Issues ingesting log files with fresh installation

Hello. I'm hoping someone can please help me with an indexing issue that i'm having. I'm working with a fresh setup of ElasticSearch and Kibana. I have everything setup, Kibana loads, I can log in with security, and the status page shows everything in the green. I am now attempting to load logs into ElasticSearch for the first time so that an index can be created. I have an ingest pipeline all setup and an index template loaded. Upon trying to load a log file into Elastic, I'm seeing this error quite frequently in my elastic log:

[2020-05-20T14:49:01,948][INFO ][o.e.a.b.TransportShardBulkAction] [logs-node-1] [2020-05-18][0] mapping update rejected by primary
java.lang.IllegalArgumentException: mapper [source.geo.location] of different type, current_type [geo_point], merged_type [ObjectMapper]

Not sure if this is a show stopper issue, but an index isn't getting created thus far and this is the only error that I see.

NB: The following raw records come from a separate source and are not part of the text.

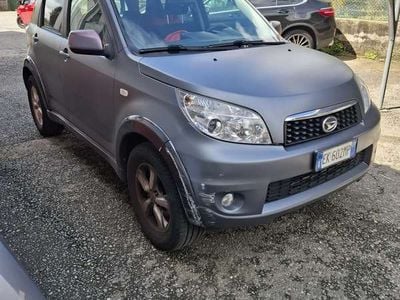 Daihatsu Terios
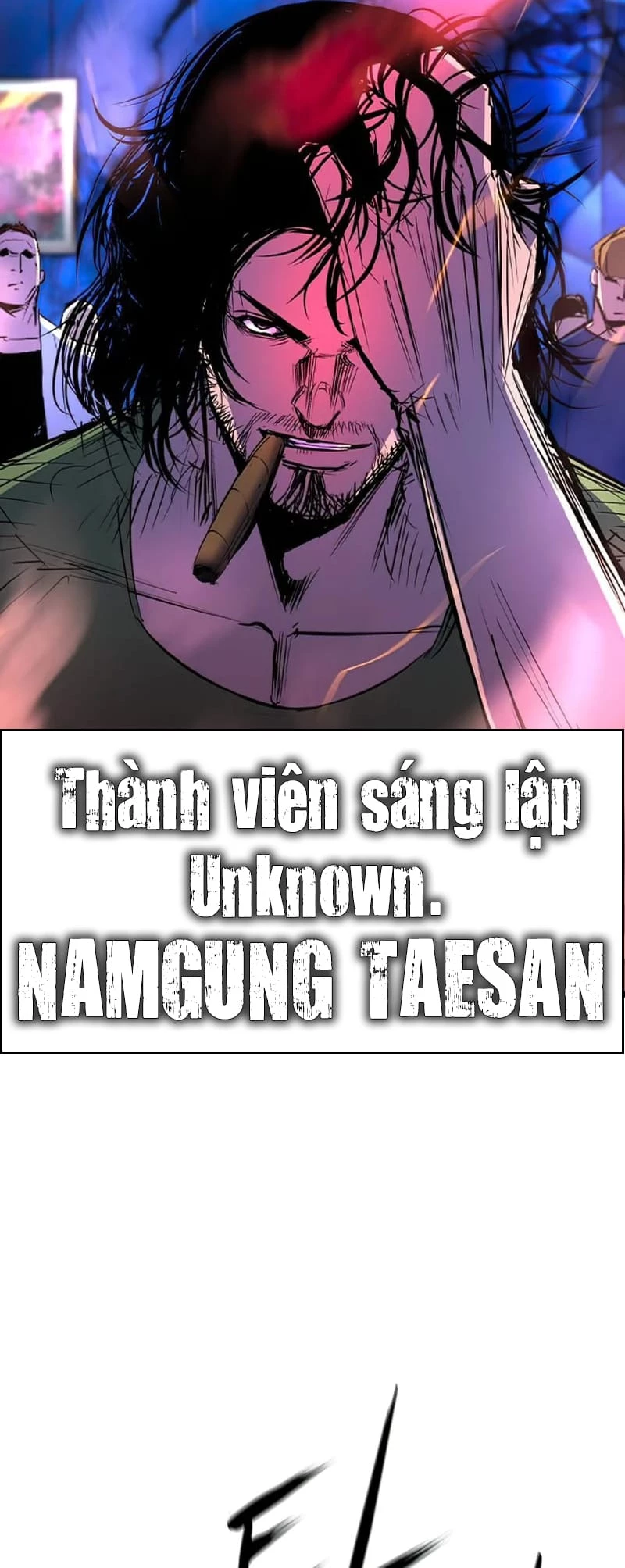 Phòng Gym Hanlim Chapter 197 - Trang 4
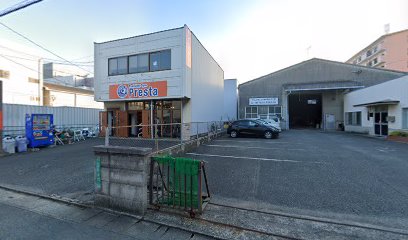 カーオーディオ専門店レナード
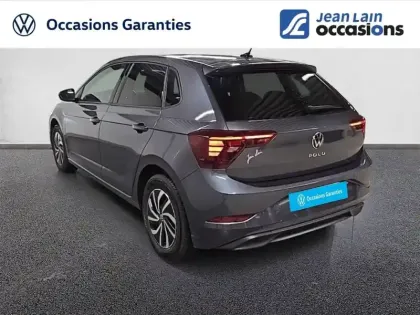 Photo 10 Volkswagen Polo  1.0 TSI 95 S&S BVM5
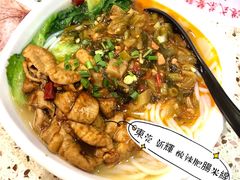 -新辉港式茶餐厅(北栅店)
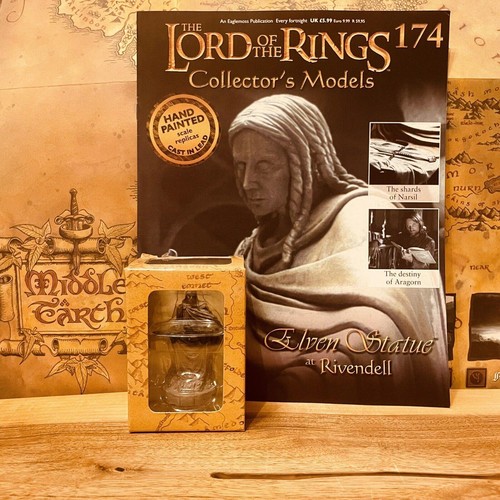 The lord rings - of,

Here is part of my ingest pipeline where this is defined:

{
          "geoip": {
            "field": "ClientIP",
            "target_field": "source.geo",
            "properties": [
              "ip",
              "country_name",
              "continent_name",
              "region_iso_code",
              "region_name",
              "city_name",
              "timezone",
              "location"
            ]
          }
        }

And here is part of my relevant index template:

"source.geo": {
        "properties": {
           "ip": {
              "type": "ip"
           },
           "postal_code": {
              "type": "keyword"
           },
           "location": {
              "type": "geo_point"
           },

My inbound log file has a "ClientIP" field that should be triggering this. Any ideas as to why the data type of "geo_point" is having issues here? Please let me know if you need any additional information to assist me with this. Thanks in advance!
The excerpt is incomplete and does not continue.